I want La La (Betta) to have plenty of room, but would also like to bring life to the tank with some schooling fish.

I have a 20 gallon Long tank
heater
power filter meant for 10 - 30 gallons
oh and a master fresh water test kit.


----------



## BlueHaven (Jul 17, 2010)

I don't think you can, but someone else may be able to help you more. Since you have a huge tank, you can try putting snails or ghost shrimp in with him. Those are the ones I know should be okay with him in that size. Though snails produce a lot of waste.
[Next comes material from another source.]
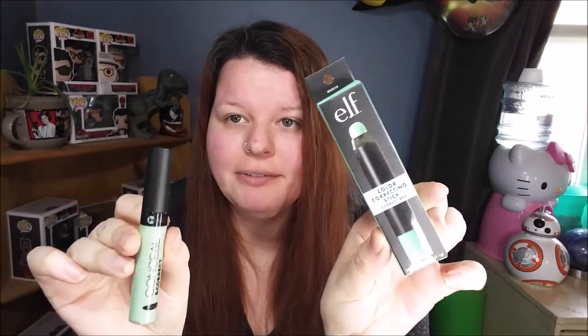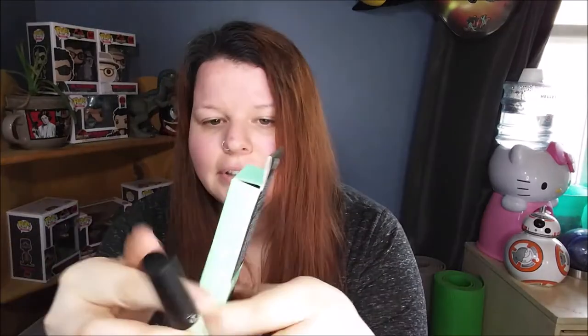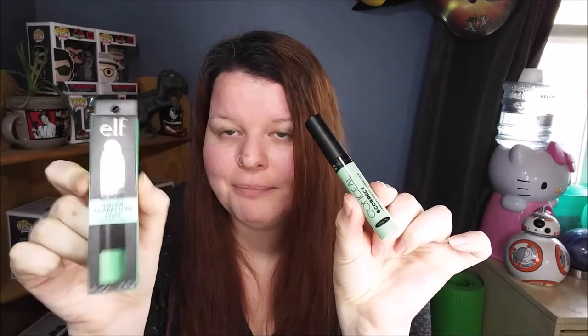For covering red spots we've got our two green color correctors. You may have seen the Dollar Tree one if you watched my 'freeze your butt off' makeup challenge — it worked pretty well. We'll see how it compares to the ELF one, which I've never used yet. And then we've got our foundations.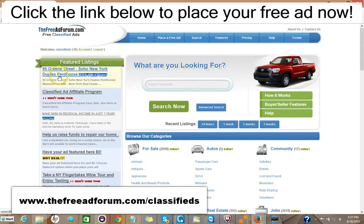As you can see here, we have one ad for a Soho, New York duplex featured right on the features section of our homepage. This is the busiest page on our website. That costs $5 to do that.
As long as it's kept clean, it would be fine!I know there are some schooling fish that people keep in large tanks with a betta, but I don't know enough on that to give you a fact answer.


----------



## karlhague (Aug 9, 2010)

BlueHaven said:


> I don't think you can, but someone else may be able to help you more. Since you have a huge tank, you can try putting snails or ghost shrimp in with him. Those are the ones I know should be okay with him in that size. Though snails produce a lot of waste. As long as it's kept clean, it would be fine!I know there are some schooling fish that people keep in large tanks with a betta, but I don't know enough on that to give you a fact answer.




if hes not Aggressive try putting him with some Corydoras


----------



## pisces74 (Aug 24, 2010)

Thank you for the replies. I will keep reading. I am so confused cuz with bettas there is so much conflicting information.


----------



## JB5 (May 22, 2010)

I would put about 6 julii cory's in with him. I get a kick out of watching them. We have Rosy zebra danio's that do well too. Shrimp are alwasy fun to watch. With a 20 gal you could be several fish in with him, just make sure there are caves and plants to hide out in. Not to sure of the rasbora's. But loaches, tetras, platy's, swordtails, clouds are all ok. Rainbows might be ok as since they are pretty non aggressive.


----------



## pisces74 (Aug 24, 2010)

Thank you JB5. I am new to fish keeping. The betta is my very first fish. I learned about cycling tanks, after I brought him home. He was given to me and I was not prepared. =[ When I bought the tank, I still knew nothing of the nitrogen cycle, the guy at petsmart saw me looking at some little tetras and suggested I get another betta cuz they were very hardy. I am thinking now, he could see that I knew nothing and would just plop them in a tank full of unconditioned tap water. Well I didn't buy any tankmates then and I am so happy that I didn't. What a horrible way to start.

I will research the fish you have suggested making sure tank conditions and set up will be suited for betta and if any future tankmates. He sure seem to be enjoying all that space!


----------



## kaythenewbie (Aug 23, 2010)

I'm cycling a 20 g. now for a male betta, African Dwarf Frogs, Glowlight Tetra, and Harlequin Rasboras. So hopefully it works. But it might not. Have a backup plan just in case.


----------